** ACTION ITEM **
In this exercise, the entries below include pictures. Repeat exactly the lines from the line with "WarBorn Testosterone Supplements" to the line with "arched window. Modern", including both, but without the pictures.

** EXCERPTED RECORDS **
^^^^

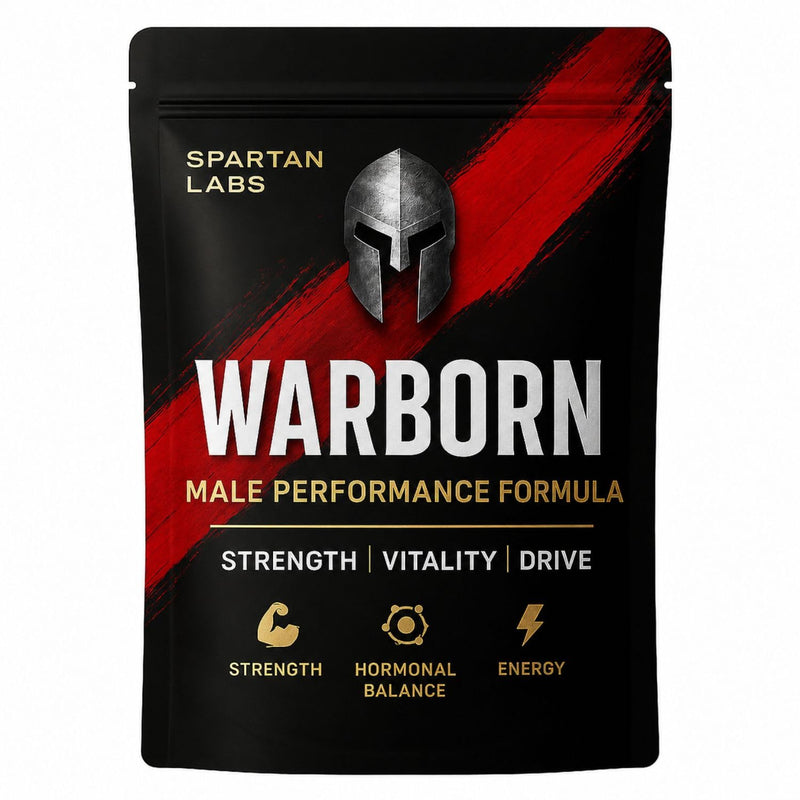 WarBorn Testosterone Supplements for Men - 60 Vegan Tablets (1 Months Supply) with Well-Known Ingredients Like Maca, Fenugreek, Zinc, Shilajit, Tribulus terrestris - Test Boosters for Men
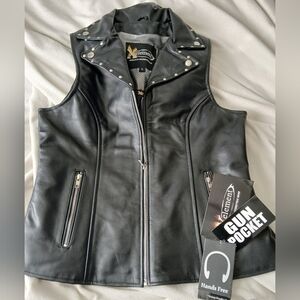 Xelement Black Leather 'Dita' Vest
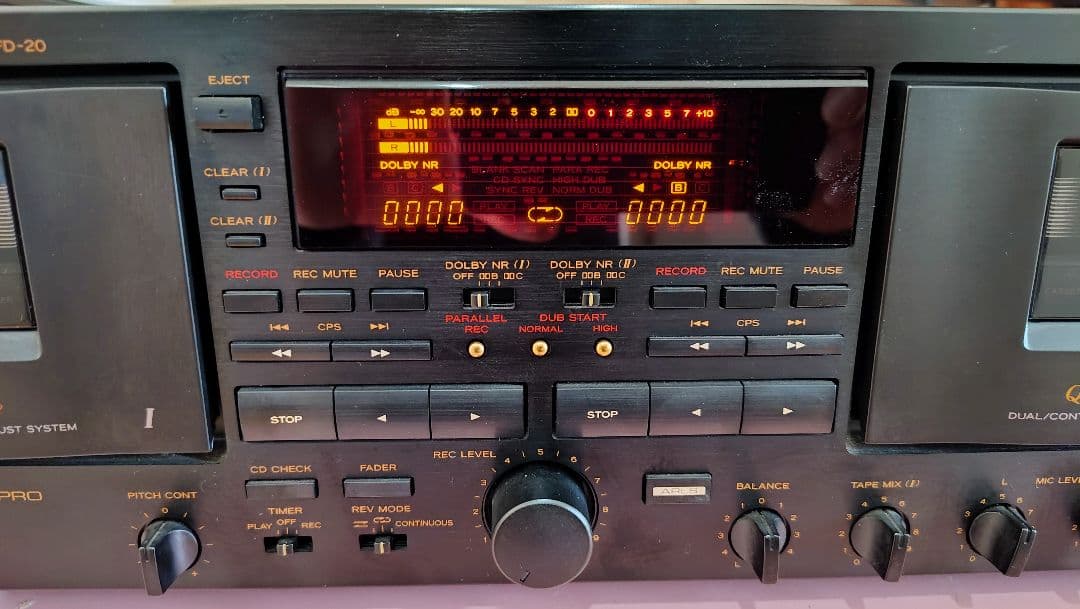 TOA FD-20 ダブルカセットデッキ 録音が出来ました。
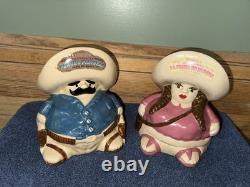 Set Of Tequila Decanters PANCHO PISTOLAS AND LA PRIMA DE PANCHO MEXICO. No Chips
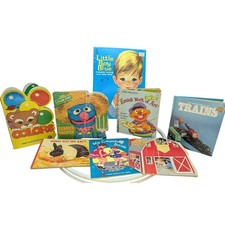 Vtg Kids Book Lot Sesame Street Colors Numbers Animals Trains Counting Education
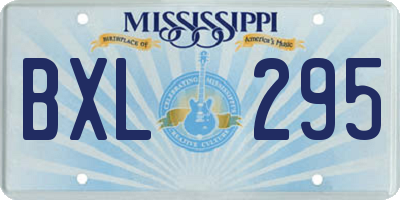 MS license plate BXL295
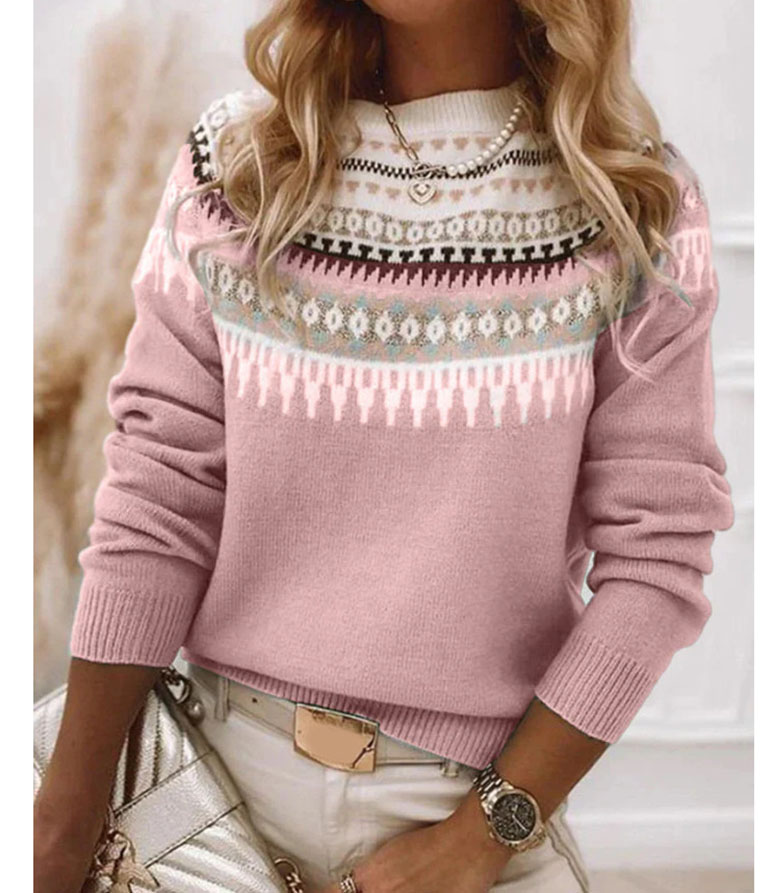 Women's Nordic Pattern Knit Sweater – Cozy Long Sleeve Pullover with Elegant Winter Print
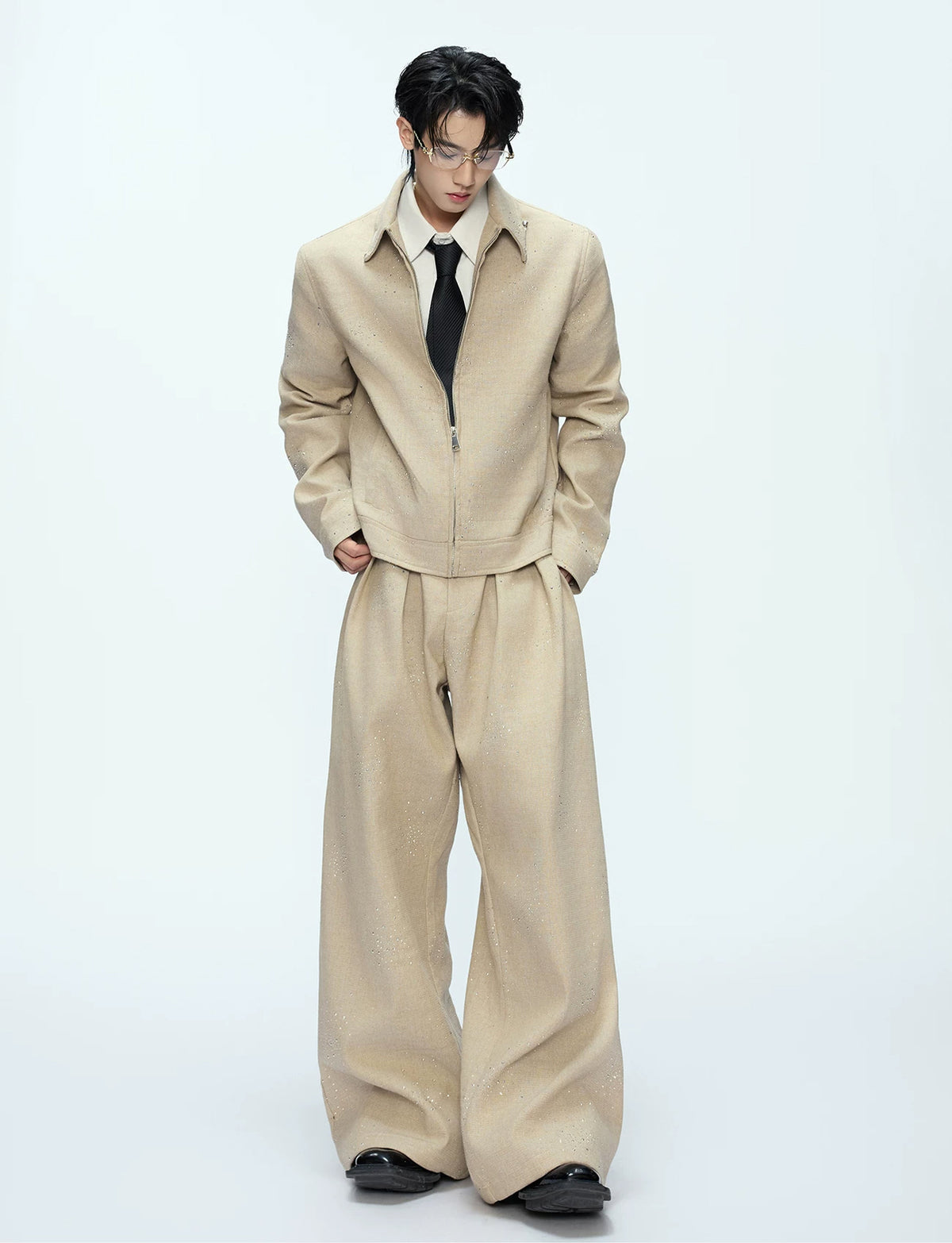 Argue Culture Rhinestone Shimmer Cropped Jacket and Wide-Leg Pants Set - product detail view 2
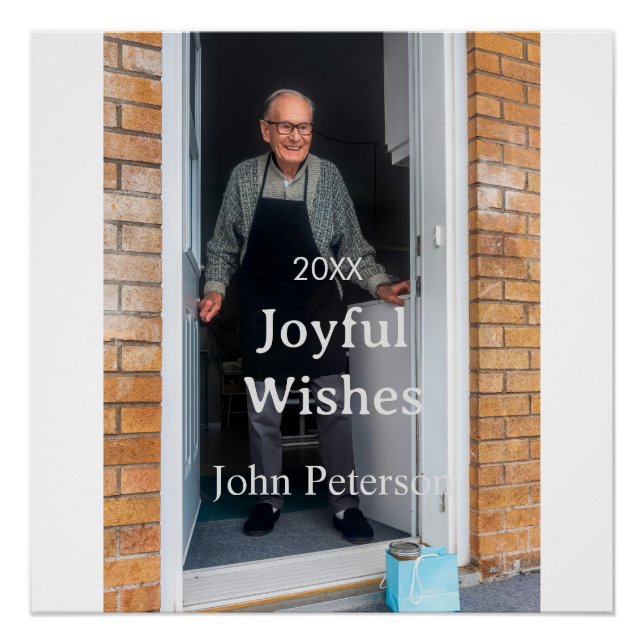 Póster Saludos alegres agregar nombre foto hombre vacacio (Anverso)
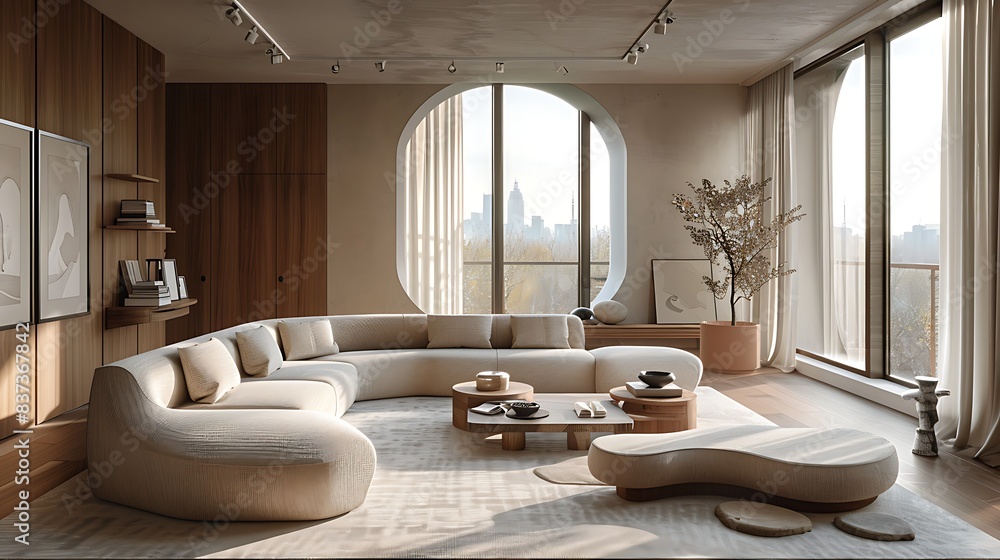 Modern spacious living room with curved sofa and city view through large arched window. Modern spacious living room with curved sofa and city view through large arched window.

^^^^

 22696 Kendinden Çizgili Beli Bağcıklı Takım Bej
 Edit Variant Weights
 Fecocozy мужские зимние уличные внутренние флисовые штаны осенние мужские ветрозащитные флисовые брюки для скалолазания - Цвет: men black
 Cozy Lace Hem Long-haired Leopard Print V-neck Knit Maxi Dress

^^^^

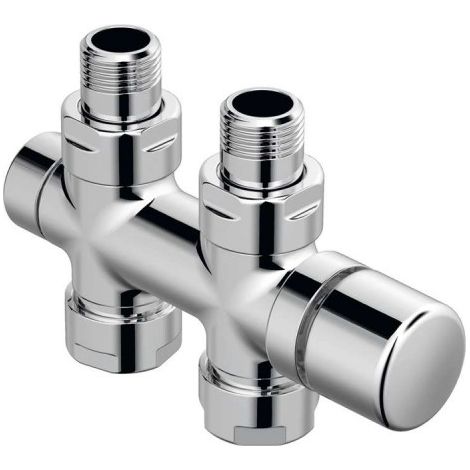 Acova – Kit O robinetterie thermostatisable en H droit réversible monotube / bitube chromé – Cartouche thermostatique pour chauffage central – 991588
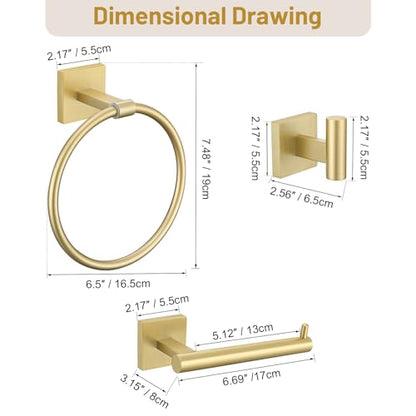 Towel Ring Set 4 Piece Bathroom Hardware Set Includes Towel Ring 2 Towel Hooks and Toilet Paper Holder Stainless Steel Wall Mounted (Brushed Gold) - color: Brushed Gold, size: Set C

^^^^

** EXPECTED OUTPUT **
 WarBorn Testosterone Supplements for Men - 60 Vegan Tablets (1 Months Supply) with Well-Known Ingredients Like Maca, Fenugreek, Zinc, Shilajit, Tribulus terrestris - Test Boosters for Men
 Xelement Black Leather 'Dita' Vest
 TOA FD-20 ダブルカセットデッキ 録音が出来ました。
 Set Of Tequila Decanters PANCHO PISTOLAS AND LA PRIMA DE PANCHO MEXICO. No Chips
 Vtg Kids Book Lot Sesame Street Colors Numbers Animals Trains Counting Education
 MS license plate BXL295
 Women's Nordic Pattern Knit Sweater – Cozy Long Sleeve Pullover with Elegant Winter Print
 Argue Culture Rhinestone Shimmer Cropped Jacket and Wide-Leg Pants Set - product detail view 2
 Póster Saludos alegres agregar nombre foto hombre vacacio (Anverso)
 Modern spacious living room with curved sofa and city view through large arched window. Modern spacious living room with curved sofa and city view through large arched window.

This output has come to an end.